小樽にあった旧手宮駅は、最初につくられた、いわば北海道の鉄道発祥の地です。 明治13年に開業し、機関区も併設されました。機関車の車庫のほか、給水塔や給炭設備が備わっていたばかりか、石炭の保管庫もあるなど、海上輸送のための石炭輸送基地の役割を担っていたのです。
その後手宮駅は、昭和60年に手宮線(~南小樽駅)の廃止にともなって廃駅となっていますが、駅跡は現在、小樽市総合博物館本館として活用されています。 施設には、「北海道鉄道開通起点」という標をはじめ、アイアンホース号が構内を走り、蒸気機関車「しづか号」が展示されるなどなど、鉄道草創期の手宮を今に伝える充実の内容。
さて、その豊富な展示のなかでも、今春、話題を集めているのが、平成18年度から保存修理工事を行っていた国内最古のレンガ造機関車庫・重要文化財『旧手宮鉄道施設機関車庫三号』の公開です。
機関車庫三号の一般公開 4月29日(木・祝)~
機関車庫三号は、明治18年(1885)に「煉化石造機関車室」としてつくられました。室内は、間仕切り壁で東側に1室、西側を車両2台分の空間に区分され、西側は中央に石造り八角形の柱が建ち、小屋梁が設けられています。 東側は機関車を吊り上げて修繕することができる構造にするため、壁厚を増し、小屋組を補強しているのが特徴。
また建築材の赤レンガは、明治20年以前によく見られた、今では大変希少な「フランス」積み(一般的なのはイギリス積み)。 北海道のレンガ産業の発展に、鉄道が果たした役割は大変大きなものでした。

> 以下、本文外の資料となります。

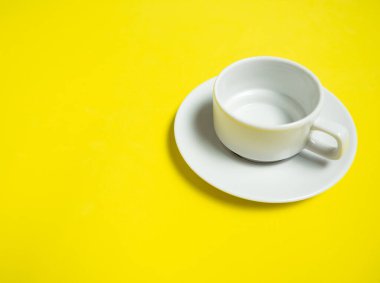 Sarı bir zemin üzerinde boş bir beyaz fincan ve bir fincan, boşluğun bir kopyası.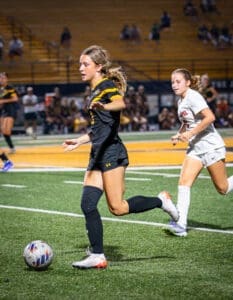 Two female soccer players compete on a field, one dribbling the ball while the other runs closely behind.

今回の修理では、上部に立つ3本の煙突を使用可能な状態に復旧したそうで、小樽の発展を支えた明治後期の姿が見事に再現されていると評判です。
本館では、機関車庫三号の公開を記念した企画展も用意されています。 企画展「鉄路が運んだもの―機関車庫三号公開記念」 4月11日(日)~6月30日(水) 機関車庫三号の公開と幌内鉄道開通130年を記念し、北海道の鉄道の歩みを紹介。
小樽市総合博物館 本館(小樽市手宮1丁目3番6号) 0134-33-2523
幌内鉄道というと、豊平川の架橋工事に触れないわけにはいきません。 わが国有数の急流河川・暴れ川に鉄橋を架ける―。幌内鉄道工事のなかでも、最大の難工事と語り継がれるほどでした。 豊平川と橋は、鉄橋に限らず豊平橋も東橋も、架けては破壊されるの繰り返しでした。

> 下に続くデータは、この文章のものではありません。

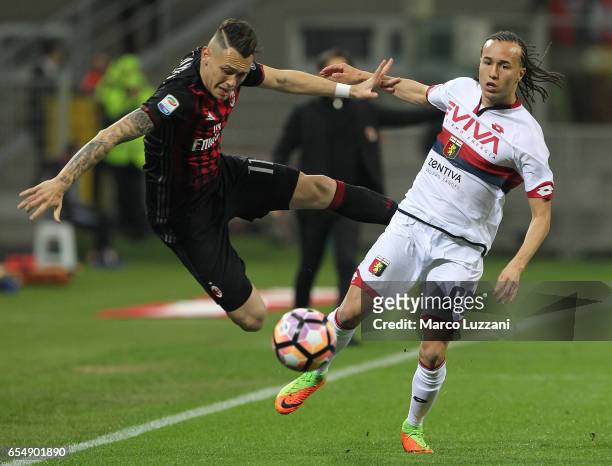 Lucas Ocampos of AC Milan competes for the ball with Diego Laxalt of Genoa CFC during the Serie A match between AC Milan and Genoa CFC at Stadio...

さて道内初となる幌内鉄道の豊平川鉄橋の架橋。 明治13年に手宮~札幌間がまず開業し、いよいよ内陸へ、一日も早い幌内への伸長が待たれるなか、豊平川鉄橋の工事ははじまりました。 豊平川の水量は、幌内鉄道が渡る他の川とは比較にならない水量で川幅も広いため、官営幌内鉄道建設を指導したアメリカ人技術者ジョセフ・ユリー・クロフォードは鉄橋を設計しましたが、翌14年4月と5月の融雪洪水で仮設置の鉄橋や両岸のレールが流出、なんと勲四等旭日章まで授与されたクロフォードが解任される事態に。
鉄橋設計は日本人技術者に引き継がれ、なんとか架設架橋が設置され、明治15年11月13日に幌内鉄道は全線開通しました。結局、鉄橋の改良は翌16年にまでかかってしまったそうです。
ちなみに今回公開される機関庫は、クロフォード設計のものといわれています。 クロフォードの英知、元薩摩藩士で開拓使長官・黒田清隆の英断。わが国近代化に挑んだ人々の姿もまた、幌内鉄道には刻まれているのです。